**SUPPLIED ENTRIES**:
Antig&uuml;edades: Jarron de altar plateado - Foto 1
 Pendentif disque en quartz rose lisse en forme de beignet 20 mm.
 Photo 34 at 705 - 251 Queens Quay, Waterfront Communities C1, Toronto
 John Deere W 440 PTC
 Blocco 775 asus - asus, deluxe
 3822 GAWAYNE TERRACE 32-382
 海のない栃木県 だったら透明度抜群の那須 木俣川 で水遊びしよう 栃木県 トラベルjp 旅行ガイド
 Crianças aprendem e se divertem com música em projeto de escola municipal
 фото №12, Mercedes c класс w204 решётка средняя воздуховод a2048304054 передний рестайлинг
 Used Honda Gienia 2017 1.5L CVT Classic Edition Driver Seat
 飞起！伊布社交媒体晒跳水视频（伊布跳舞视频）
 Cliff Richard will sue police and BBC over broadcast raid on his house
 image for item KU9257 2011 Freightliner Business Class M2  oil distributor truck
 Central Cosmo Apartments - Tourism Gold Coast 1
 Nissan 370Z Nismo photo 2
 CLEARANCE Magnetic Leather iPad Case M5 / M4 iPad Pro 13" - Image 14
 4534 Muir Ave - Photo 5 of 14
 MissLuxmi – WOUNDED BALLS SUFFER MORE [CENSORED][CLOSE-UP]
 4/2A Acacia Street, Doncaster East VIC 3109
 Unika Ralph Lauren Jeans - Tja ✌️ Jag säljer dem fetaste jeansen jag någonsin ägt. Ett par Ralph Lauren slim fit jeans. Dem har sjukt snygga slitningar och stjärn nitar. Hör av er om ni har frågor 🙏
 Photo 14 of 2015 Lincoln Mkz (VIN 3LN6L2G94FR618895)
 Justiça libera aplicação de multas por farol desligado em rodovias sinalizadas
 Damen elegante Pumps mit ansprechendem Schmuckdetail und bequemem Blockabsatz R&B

**EXERCISE GOAL**:
When you repeat the lines, start with the first line of the material and end with the line that contains "Blocco 775 asus - asus, deluxe", keeping both and reproducing each exactly, with nothing added.

**WRITTEN ANSWER**:
Antig&uuml;edades: Jarron de altar plateado - Foto 1
 Pendentif disque en quartz rose lisse en forme de beignet 20 mm.
 Photo 34 at 705 - 251 Queens Quay, Waterfront Communities C1, Toronto
 John Deere W 440 PTC
 Blocco 775 asus - asus, deluxe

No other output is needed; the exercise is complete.